The QSBS Tax Exemption – Don’t Miss Out
What is the Qualified Small Business Stock (QSBS) tax exemption?
The Qualified Small Business Stock (QSBS) tax exemption may allow you to exclude up to $10 million of gain when you sell a stake in a qualified startup or small business.
Sometimes referred to as Section 1202, here’s what you need to know about this often-overlooked tax break.
The QSBS exclusion is most commonly applied in situations when a founder sells his or her company, or when investors in a private equity fund receive an in-kind distribution of post-IPO shares after a portfolio company in the fund goes public.
A QSBS refers to an active domestic C corporation whose gross assets—valued at the original cost—do not exceed $50 million on and immediately after its stock issuance.
Individuals are able to receive tax benefits if they hold QSBS as long as certain criteria are met.
Qualified small business stock is a stock that must meet this criteria:
- It must be stock in a C corporation.
- It must have been originally issued after August 10, 1993.
- The corporation must have total gross assets of $50 million or less at all times after August 9, 1993, and before it issued the stock. Its total gross assets immediately after it issued the stock must also be $50 million or less.
- When figuring out the corporation’s total gross assets, you must also count the assets of any predecessor of the corporation. In addition, you must treat all corporations that are members of the same parent-subsidiary controlled group as one corporation.
- You must have acquired the stock at its original issue, directly or through an underwriter, in exchange for money or other property (not including stock), or as payment for services provided to the corporation (other than services performed as an underwriter of the stock). In certain cases, your stock may also meet this test if you acquired it from another person who met this test, or through a conversion or trade of qualified small business stock that you held.
- The corporation must have met the active business test, defined next, and must have been a C corporation during substantially all the time you held the stock.

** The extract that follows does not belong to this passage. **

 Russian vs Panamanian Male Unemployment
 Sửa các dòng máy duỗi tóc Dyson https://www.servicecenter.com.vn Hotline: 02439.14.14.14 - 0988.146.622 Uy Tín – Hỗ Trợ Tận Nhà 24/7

- Within the period beginning two years before and ending two years after the stock was issued, the corporation cannot have bought more than a de minimis amount of its stock from you or a related party.
- Within the period beginning one year before and ending one year after the stock was issued, the corporation cannot have bought more than a de minimis amount of its stock from anyone, unless the total value of the stock it bought is five percent or less of the total value of all its stock.
It’s important to know about the QSBS tax exemption and keep it on your radar. However, it is complicated and we recommend working with a tax and legal advisor.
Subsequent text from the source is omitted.